Let’s go graphic!
One of the easiest and most accurate ways of describing graphic novels is that they are like comics but instead of periodicals, they read like a book. They typically include overly attractive women and super powered roid-raging men with deep voices, capes and the occasional witty charm, excluding Spiderman of course.
Here's a spoiler: these super powered men usually have more than one love interest. On a more serious note, graphic novel does not just mean superhero stories. It is a broad term and can be anything from fiction to non-fiction to anthologised work, as long as it is made up of comic content.
Comics and graphic novels are globally revered and cherished. It is truly an art form that combines the use of drawings, sketches and storytelling. Even though comics and graphic novels were never really big in Bangladesh, there were some political cartoons that made it to publication ever since the British rule.
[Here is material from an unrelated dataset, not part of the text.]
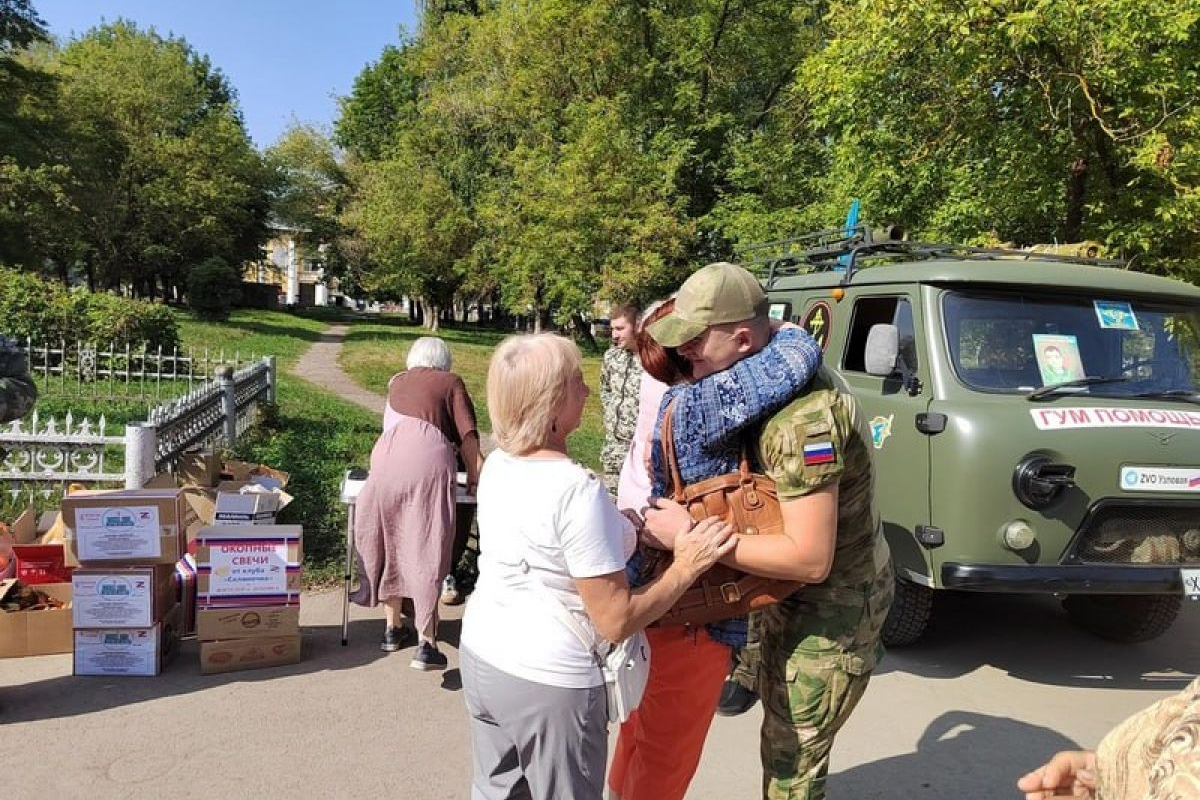 Председатель ТОСа из Узловского района: Победа будет за нами!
A popular novel back during the Pakistani regime was Titumir er Basher Kella. Another novel that came out of Calcutta during that time was Mahatma Gandhi's life story. After Bangladesh's independence, comics were mostly non-existent with only a few exceptions.
Ronobi was one of the first strip cartoons in Bangladesh. Muhammed Zafar Iqbal's Mohakashe Mohatrash was also published as a strip back in the day. For quite a while, there was not much except Ronobi and Unmad.
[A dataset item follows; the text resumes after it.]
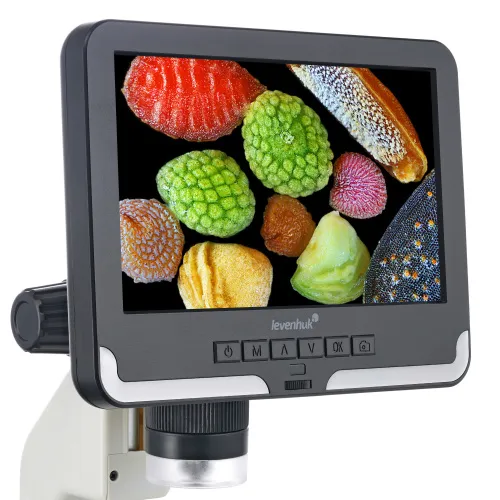 фотография Цифров микроскоп Levenhuk Rainbow DM700 LCD,  7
The earliest known use of the term, graphic novel dates back to 1964. The term became popular within the comics community and after the commercial success of Art Spiegelman's Maus in 1986, became familiar to the public. The collected editions of The Dark Knight Returns and Watchmen also helped graphic novel's rise in popularity.
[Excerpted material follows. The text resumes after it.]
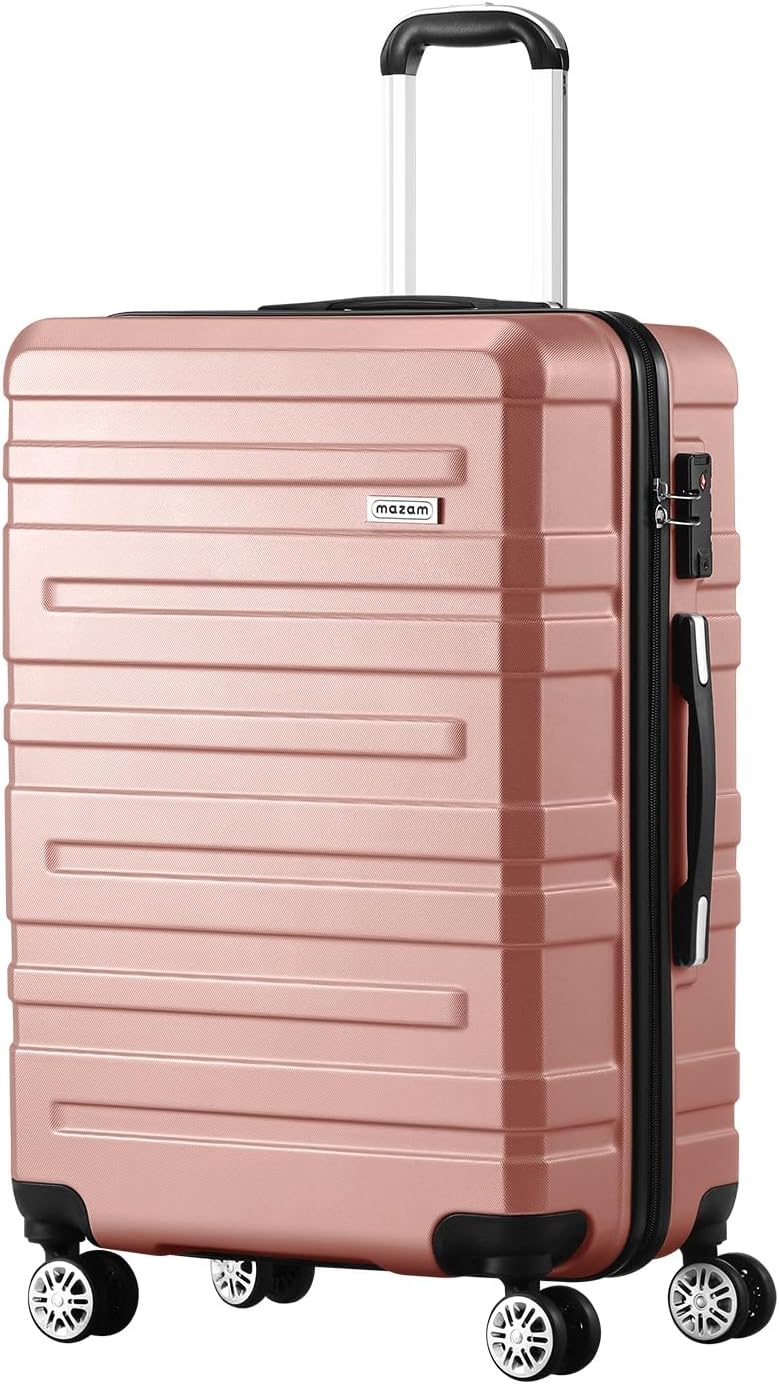 3-Piece Hardshell Luggage Set with TSA Lock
It was the late 1980s when graphic novels first arrived on print. Amongst the first were Richard Corben's Bloodstar and George Metzger's Beyond Time and Again. The latter - which was also a popular underground comic during that time – was published as a 48 page, hardcover book with the title, "A Graphic Novel." Another notable early graphic novel was The Silver Surfer and was by none other than Marvel Comics' Stan Lee and Jack Kirby.
Sharier Khan, who was a comic enthusiast ever since he was a child, was also involved in strip cartoons in the '80s. A fan of old-school Marvel's humour and Tintin's complete stories, he also wanted to get into the field of graphic novels. His first attempts at a graphic novel were in the '80s but none of them were ever completed.
It was around 2006 when he started to work on what would be his first ever graphic novel. After quite a few changes, Khan had perfected his first ever 92 page graphic novel and it was published in the 2007 Boi Mela as Laily.
Regarded as the first graphic novel to be published in Bangladesh, Laily was a hit among the public which eventually led to Khan coming back to write a Laily 2 due to public demand.
In between his Laily releases, Khan also worked on the sci-fi action comedic graphic novel, Cube. Cube followed the story of - yes you guessed it - cubes which if in good hands gave people really cool superpowers. The graphic novel also featured romance and intergalactic travels, making it a must read for comic and graphic novel fans alike.
With a few graphic novels under his belt, Sharier also released two graphic novels in this year's Boi Mela, the Somo's Mongol Mission Part 2 and Somo's Kalpa Shikari.
In 2015, the Centre for Research and Information also released a graphic novel series based on the autobiography of Bangabandhu Sheikh Mujibur Rahman titled "Mujib."
The first episode portrayed the childhood of Bangabandhu as well as how Bangabandhu got involved in politics. It also shows how he earned the title of Bangabandhu and raised his voice to demand the independence of Bangladesh. The second part of this must read novel series is set to be published very soon.
Honon by Ahsan Habib and Songhat by Nasif Ahmed Pritom are two graphic novel publications from 2014 that are definitely worth checking out.
Now, Dhaka Comics has also joined the cause of graphic novels. While currently they have yet to release their first graphic novel, they are working on an adaptation of a Muhammed Zafar Iqbal's book titled, "Ruhan Ruhan" which was released in 2014 as two separate comics and is set to be released soon as a hard bind graphic novel. Dhaka Comics also has a whopping collection of 30 of their own original comics that people can now check out.
Graphic novels and comics hold a sanctuary in our hearts and in the hearts of generations hence, so it is important for us to help them survive at a place where comics and graphic novels have not picked up as much as they should have.